I know its a dynamic programming problem but unable to figure out the recurrence.Please help!

word can contain letters only 21 consonants and 5 vowels

Auto comment: topic has been updated by acash (previous revision, new revision, compare).Define $$$dp_{i, j}$$$ equal to number of words of length $$$i$$$ such that no $$$k$$$ consecutive letters are vowel and $$$j$$$ last letters are vowel, you should be able to fill this on your own.
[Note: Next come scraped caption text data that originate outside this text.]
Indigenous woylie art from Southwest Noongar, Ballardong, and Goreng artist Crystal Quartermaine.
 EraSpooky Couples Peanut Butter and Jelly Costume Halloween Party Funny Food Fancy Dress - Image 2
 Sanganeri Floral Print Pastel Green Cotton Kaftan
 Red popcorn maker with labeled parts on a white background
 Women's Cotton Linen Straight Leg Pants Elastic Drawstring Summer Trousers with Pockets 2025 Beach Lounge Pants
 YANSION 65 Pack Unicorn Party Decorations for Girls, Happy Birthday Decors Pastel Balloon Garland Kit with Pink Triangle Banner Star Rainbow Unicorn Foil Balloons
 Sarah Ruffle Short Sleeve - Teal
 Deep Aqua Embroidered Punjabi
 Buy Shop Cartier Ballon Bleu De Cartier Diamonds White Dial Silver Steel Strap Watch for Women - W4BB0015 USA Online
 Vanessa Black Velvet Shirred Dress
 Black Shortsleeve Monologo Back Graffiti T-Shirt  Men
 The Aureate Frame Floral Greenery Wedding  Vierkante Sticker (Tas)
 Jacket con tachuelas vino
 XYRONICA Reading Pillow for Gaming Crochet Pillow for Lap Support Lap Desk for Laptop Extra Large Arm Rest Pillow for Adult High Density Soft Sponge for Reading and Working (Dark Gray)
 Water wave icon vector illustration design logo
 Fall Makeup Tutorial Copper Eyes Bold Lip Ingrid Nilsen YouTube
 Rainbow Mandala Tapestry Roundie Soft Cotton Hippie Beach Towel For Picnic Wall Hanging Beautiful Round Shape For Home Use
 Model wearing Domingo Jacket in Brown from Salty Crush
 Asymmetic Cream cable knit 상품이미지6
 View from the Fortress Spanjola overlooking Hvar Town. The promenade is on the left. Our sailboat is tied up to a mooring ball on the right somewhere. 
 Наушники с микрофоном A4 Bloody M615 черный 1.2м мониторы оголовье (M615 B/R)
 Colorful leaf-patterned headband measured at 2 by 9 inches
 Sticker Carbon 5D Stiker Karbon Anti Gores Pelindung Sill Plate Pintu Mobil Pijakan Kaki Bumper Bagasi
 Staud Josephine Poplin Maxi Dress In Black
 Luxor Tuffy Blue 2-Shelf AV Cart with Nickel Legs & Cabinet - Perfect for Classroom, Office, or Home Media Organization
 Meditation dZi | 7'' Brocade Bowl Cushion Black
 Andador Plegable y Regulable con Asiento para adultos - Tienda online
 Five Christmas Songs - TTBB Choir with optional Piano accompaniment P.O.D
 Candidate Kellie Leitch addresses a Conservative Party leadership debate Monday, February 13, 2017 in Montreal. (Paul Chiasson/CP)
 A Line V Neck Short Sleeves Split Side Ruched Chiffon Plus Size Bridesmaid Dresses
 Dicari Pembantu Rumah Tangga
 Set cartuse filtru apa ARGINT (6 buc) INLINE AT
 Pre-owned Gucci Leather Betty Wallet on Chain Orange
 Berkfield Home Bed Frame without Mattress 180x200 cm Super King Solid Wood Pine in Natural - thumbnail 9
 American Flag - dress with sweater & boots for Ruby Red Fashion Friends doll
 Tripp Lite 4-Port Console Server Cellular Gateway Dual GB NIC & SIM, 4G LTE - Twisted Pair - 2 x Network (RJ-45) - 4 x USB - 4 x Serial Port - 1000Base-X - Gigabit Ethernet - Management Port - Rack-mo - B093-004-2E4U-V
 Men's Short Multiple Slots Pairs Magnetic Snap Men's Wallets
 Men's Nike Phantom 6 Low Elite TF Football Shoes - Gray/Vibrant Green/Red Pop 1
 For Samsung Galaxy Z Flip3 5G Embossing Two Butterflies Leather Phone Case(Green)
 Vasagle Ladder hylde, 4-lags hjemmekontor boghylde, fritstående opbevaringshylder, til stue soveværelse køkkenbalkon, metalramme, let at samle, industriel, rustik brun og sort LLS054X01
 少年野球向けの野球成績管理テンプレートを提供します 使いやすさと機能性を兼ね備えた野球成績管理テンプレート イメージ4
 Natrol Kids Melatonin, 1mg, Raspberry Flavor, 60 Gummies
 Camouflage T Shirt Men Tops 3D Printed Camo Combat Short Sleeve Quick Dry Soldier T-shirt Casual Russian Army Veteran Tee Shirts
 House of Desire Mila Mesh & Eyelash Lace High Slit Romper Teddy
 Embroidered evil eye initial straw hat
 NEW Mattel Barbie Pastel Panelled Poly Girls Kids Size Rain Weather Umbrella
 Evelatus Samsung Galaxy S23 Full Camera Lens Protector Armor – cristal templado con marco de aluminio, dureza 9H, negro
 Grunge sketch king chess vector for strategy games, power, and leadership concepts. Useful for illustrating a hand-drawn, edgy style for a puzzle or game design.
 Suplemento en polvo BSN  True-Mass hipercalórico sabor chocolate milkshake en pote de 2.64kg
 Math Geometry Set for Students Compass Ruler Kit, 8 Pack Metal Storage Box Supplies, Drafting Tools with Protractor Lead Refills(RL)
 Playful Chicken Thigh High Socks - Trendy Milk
I tried but not getting can you please help in finding the recurrence.I am new to DP

Here is an almost identical problem and the first answer is very understandable (but instead of solving the recurrence you would use DP) https://math.stackexchange.com/q/2023212/25959

And here is a general way for counting strings accepted by a DFA: https://web.cs.ucdavis.edu//classes/120/spring10/count.pdf

I think DeadlyCritic gave you a good reply. How do you find $$$dp_{i,j}$$$? This is an answer for the words of length $$$i$$$, such that exactly last $$$j$$$ letters are vowels (and $$$j$$$ must not exceed $$$k$$$, otherwise $$$dp_{i,j} = 0$$$).

Obviously, if $$$j > i$$$, $$$dp_{i,j} = 0$$$ (there can't be more letters in the word than its length).

If $$$j = i$$$, it is just the number of words of length $$$i$$$, all consisting from vowels ($$$5^i$$$).

For $$$j < i$$$, you try to understand, how many words of length $$$i$$$ with last $$$j$$$ letters being vowels exist, knowing the number of all words of length $$$i - 1$$$. If you append a consonant ($$$j = 0$$$) to the word of length $$$i-1$$$, then any of $$$dp_{i-1,j}$$$ words will work (so $$$dp_{i,0}$$$ is their sum). If you append a vowel ($$$j \ne 0$$$), then any of $$$dp_{i-1,j}$$$ words will work, apart from $$$j = k$$$ (because you add one vowel, so there cannot be already k vowels in the end of the $$$i-1$$$-word).